Kids and teens are spending more and more time in front of screens, according to a study published Wednesday.

According to the Kaiser Family Foundation study, which followed 2,000 young people between ages 8 to 18, kids spend almost as much time on a computer, watching television, using their cell phones, playing video games or listening to music as an adult spends during a full day at work.

Kids and teens ages 8 to 18 spend seven-and-a-half hours a day, seven days a week, engaging with media, more time than they spend with any other activity besides sleeping. That number jumps to 10 hours and 45 minutes a day when taking into account that young people often engage with more than one form of media at a time.

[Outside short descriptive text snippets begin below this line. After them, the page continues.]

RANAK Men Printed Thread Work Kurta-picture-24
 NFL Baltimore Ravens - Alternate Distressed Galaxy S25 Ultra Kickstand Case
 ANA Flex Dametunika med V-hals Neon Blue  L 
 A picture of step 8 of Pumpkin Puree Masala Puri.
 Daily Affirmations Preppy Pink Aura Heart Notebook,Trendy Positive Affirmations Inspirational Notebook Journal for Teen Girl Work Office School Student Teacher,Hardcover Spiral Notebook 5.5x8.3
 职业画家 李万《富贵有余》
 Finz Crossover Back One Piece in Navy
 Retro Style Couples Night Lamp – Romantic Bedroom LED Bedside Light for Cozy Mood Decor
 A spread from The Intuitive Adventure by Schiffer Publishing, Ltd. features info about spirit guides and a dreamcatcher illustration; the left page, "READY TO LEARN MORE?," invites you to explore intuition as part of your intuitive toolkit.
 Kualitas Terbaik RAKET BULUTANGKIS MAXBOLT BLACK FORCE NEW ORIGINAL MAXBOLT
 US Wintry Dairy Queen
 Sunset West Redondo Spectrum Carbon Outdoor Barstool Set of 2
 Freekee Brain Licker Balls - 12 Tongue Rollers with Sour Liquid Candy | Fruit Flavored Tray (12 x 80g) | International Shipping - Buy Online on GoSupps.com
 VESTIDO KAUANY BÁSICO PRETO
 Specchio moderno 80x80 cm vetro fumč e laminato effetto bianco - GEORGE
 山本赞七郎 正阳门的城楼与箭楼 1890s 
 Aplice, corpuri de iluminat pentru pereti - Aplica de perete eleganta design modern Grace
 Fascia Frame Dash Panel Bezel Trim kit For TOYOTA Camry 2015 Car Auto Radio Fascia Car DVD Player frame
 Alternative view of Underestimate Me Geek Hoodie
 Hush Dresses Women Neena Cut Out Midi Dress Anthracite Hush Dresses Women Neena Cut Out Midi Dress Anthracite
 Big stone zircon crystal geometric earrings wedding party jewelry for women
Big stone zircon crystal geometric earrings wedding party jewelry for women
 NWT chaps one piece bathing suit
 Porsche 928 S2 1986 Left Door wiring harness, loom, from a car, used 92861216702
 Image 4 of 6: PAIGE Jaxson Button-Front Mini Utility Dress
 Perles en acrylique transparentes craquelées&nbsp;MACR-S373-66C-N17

Those numbers are a big jump from five years ago. According to the study, the Foundation reported that half a decade ago, young people averaged 6 hours and 21 minutes a day engaging with media, and packed more than 8-and-a-half hours worth of media content into that time by multitasking.

Read the Full Study

The only type of media usage that has not increased is reading, according to the study. Time spent reading magazines dropped from 14 to nine minutes a day over the past five years, and time spent reading newspapers decreased from six minutes a day to three. However, time spent reading books remained steady, and actually increased slightly over the past 10 years (from 21 to 25 minutes a day).

The availability of cell phones has also fuled the increase in media exposure. Over the past five years, the proportion of 8-to-18-year-olds who own their own cell phone has grown from about four in ten (39 percent) to about two-thirds (66 percent). And they're using them for a lot more than just chatting. Young people ages 8 to 18 spend an average of a half-hour a day talking on their cell phones, and an average of 49 minutes a day listening to, playing or watching other media on their phones. In addition, 7th- to 12th-graders spend an hour and a half a day text messaging

However, the children who spend their time consuming so much media seem to have a harder time in school. Nearly half (47 percent) of the young people who were classified as heavy users - meaning they consume more than 16 hours of media in a typical day - say they usually get fair or poor grades (mostly C grades or lower), compared to 23 percent of moderate users, who consume anywhere from three to 16 hours of content. Heavy users are also more likely to get into trouble, and are often sad, unhappy, or bored, according to the study.

Efforts by parents to limit time staring at screens can help. Children who live in homes where media opportunities are limited spend less time consuming. For example, kids whose parents don't allow them to have a television in their room, don't leave the TV on during meals or in the background when no one is watching and impose some kind of media-related rules spend significantly less time consuming media than young people with more lenient parents.

Other findings from the study:
-Children ages 11-14 consume more media than the other age groups in the study. They consume, on average, just under nine hours of media use a day, or nearly 12 when multi-tasking is taken into account.

-Black and Hispanic youth average about 13 hours of media exposure daily, as opposed to less than nine hours for white children. They also, on average, spend about an hour more a day with music and a half-hour more with video games.

-Just 59 percent of young people's TV watching occurs on a TV set at the time the programming originally airs. Forty-one percent is either time-shifted or occurs on a platform other than a TV set.

-The 8- to 18-year-olds surveyed spend an average of an hour and a half daily using the computer outside of school work, an increase of almost half an hour over five years ago.